Nothing in the entries may be altered; copy them in full.

++++ Listed entries

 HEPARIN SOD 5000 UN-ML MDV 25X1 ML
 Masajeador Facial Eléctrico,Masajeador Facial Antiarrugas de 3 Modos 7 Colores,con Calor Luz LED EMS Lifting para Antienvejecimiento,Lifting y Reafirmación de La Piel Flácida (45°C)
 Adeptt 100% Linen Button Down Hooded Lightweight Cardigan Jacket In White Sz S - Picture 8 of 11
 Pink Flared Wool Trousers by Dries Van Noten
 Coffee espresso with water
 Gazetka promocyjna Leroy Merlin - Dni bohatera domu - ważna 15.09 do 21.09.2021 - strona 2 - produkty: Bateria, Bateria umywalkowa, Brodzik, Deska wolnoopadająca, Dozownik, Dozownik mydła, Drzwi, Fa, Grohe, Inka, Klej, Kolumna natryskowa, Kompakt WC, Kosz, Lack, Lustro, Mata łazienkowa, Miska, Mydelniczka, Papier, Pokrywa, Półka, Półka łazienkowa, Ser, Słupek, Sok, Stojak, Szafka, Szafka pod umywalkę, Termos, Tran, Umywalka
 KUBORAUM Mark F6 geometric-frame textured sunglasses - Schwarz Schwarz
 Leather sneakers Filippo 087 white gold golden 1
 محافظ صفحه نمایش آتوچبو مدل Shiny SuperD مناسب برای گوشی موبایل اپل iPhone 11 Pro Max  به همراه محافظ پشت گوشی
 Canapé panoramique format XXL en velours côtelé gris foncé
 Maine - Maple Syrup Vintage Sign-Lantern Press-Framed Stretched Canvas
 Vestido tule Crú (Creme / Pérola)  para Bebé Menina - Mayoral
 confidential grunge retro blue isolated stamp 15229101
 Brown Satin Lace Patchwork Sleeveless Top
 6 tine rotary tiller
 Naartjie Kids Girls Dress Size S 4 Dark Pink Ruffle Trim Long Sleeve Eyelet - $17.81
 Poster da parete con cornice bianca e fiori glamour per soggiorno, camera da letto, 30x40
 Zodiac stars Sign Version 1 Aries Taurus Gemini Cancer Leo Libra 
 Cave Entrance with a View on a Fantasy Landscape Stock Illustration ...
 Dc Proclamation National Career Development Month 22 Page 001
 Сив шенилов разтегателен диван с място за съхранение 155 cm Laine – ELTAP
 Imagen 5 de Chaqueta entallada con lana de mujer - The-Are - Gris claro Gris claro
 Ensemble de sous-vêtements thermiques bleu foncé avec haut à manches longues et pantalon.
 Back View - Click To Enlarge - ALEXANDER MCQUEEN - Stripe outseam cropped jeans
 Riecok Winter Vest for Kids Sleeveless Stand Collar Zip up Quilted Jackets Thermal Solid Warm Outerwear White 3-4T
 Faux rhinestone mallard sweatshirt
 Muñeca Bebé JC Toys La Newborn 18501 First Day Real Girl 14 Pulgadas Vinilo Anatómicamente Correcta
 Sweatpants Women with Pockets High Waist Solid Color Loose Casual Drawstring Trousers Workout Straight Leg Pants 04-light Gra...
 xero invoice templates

++++++++

* _Finished exercise_
 HEPARIN SOD 5000 UN-ML MDV 25X1 ML
 Masajeador Facial Eléctrico,Masajeador Facial Antiarrugas de 3 Modos 7 Colores,con Calor Luz LED EMS Lifting para Antienvejecimiento,Lifting y Reafirmación de La Piel Flácida (45°C)
 Adeptt 100% Linen Button Down Hooded Lightweight Cardigan Jacket In White Sz S - Picture 8 of 11
 Pink Flared Wool Trousers by Dries Van Noten
 Coffee espresso with water
 Gazetka promocyjna Leroy Merlin - Dni bohatera domu - ważna 15.09 do 21.09.2021 - strona 2 - produkty: Bateria, Bateria umywalkowa, Brodzik, Deska wolnoopadająca, Dozownik, Dozownik mydła, Drzwi, Fa, Grohe, Inka, Klej, Kolumna natryskowa, Kompakt WC, Kosz, Lack, Lustro, Mata łazienkowa, Miska, Mydelniczka, Papier, Pokrywa, Półka, Półka łazienkowa, Ser, Słupek, Sok, Stojak, Szafka, Szafka pod umywalkę, Termos, Tran, Umywalka
 KUBORAUM Mark F6 geometric-frame textured sunglasses - Schwarz Schwarz
 Leather sneakers Filippo 087 white gold golden 1
 محافظ صفحه نمایش آتوچبو مدل Shiny SuperD مناسب برای گوشی موبایل اپل iPhone 11 Pro Max  به همراه محافظ پشت گوشی
 Canapé panoramique format XXL en velours côtelé gris foncé
 Maine - Maple Syrup Vintage Sign-Lantern Press-Framed Stretched Canvas
 Vestido tule Crú (Creme / Pérola)  para Bebé Menina - Mayoral
 confidential grunge retro blue isolated stamp 15229101
 Brown Satin Lace Patchwork Sleeveless Top
 6 tine rotary tiller
 Naartjie Kids Girls Dress Size S 4 Dark Pink Ruffle Trim Long Sleeve Eyelet - $17.81
 Poster da parete con cornice bianca e fiori glamour per soggiorno, camera da letto, 30x40
 Zodiac stars Sign Version 1 Aries Taurus Gemini Cancer Leo Libra 
 Cave Entrance with a View on a Fantasy Landscape Stock Illustration ...
 Dc Proclamation National Career Development Month 22 Page 001
 Сив шенилов разтегателен диван с място за съхранение 155 cm Laine – ELTAP
 Imagen 5 de Chaqueta entallada con lana de mujer - The-Are - Gris claro Gris claro
 Ensemble de sous-vêtements thermiques bleu foncé avec haut à manches longues et pantalon.
 Back View - Click To Enlarge - ALEXANDER MCQUEEN - Stripe outseam cropped jeans
 Riecok Winter Vest for Kids Sleeveless Stand Collar Zip up Quilted Jackets Thermal Solid Warm Outerwear White 3-4T
 Faux rhinestone mallard sweatshirt
 Muñeca Bebé JC Toys La Newborn 18501 First Day Real Girl 14 Pulgadas Vinilo Anatómicamente Correcta
 Sweatpants Women with Pockets High Waist Solid Color Loose Casual Drawstring Trousers Workout Straight Leg Pants 04-light Gra...
 xero invoice templates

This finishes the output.